Background information
- Origin: Montreal, Quebec, Canada
- Genres: Experimental rock
- Years active: 1999–2007
- Labels: Les Records Coco Cognac Alien8 Troubleman Unlimited Tomlab
- Past members: Poney P Mingo L'Indien Bobo Boutin Toundra LaLouve
- Website: lesgeorgesleningrad.org^{[dead link]}

= Les Georges Leningrad =

Canadian experimental/punk rock group

Les Georges Leningrad were a Canadian experimental rock and punk rock group based in Montreal, Quebec.
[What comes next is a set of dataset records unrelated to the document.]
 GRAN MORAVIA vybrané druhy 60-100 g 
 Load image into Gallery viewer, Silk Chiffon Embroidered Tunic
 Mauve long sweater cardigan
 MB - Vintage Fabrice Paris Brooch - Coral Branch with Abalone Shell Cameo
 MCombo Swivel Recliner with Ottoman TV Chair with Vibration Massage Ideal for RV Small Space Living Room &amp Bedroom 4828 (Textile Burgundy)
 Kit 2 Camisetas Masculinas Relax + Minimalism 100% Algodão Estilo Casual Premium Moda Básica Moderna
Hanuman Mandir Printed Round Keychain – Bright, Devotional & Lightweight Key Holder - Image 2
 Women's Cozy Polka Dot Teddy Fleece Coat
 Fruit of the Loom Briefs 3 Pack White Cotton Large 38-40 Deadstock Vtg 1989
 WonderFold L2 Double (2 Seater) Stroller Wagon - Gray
Les Georges Leningrad were known for their extravagant stage costumes, including masks in particular. They frequently gave contradictory, incomprehensible or ludicrous answers to interviewers' questions. They have been elected twice "freakiest local act" by the readers of the weekly newspaper Montreal Mirror.

==History==
Les Georges Leningrad formed in 1999 in Montreal. The members took turns at bass, keyboard, guitar, drums and vocals, sometimes using a drum machine. The band originally consisted of four members; they were reduced to a trio with the departure of bassist Toundra LaLouve after their first album was released. The band produced several albums, including Sur les Traces de Black Eskimo in 2004.

In 2007, the band created the score for Asparagus: A Horticultural Ballet, which was performed at Conway Hall in London, England.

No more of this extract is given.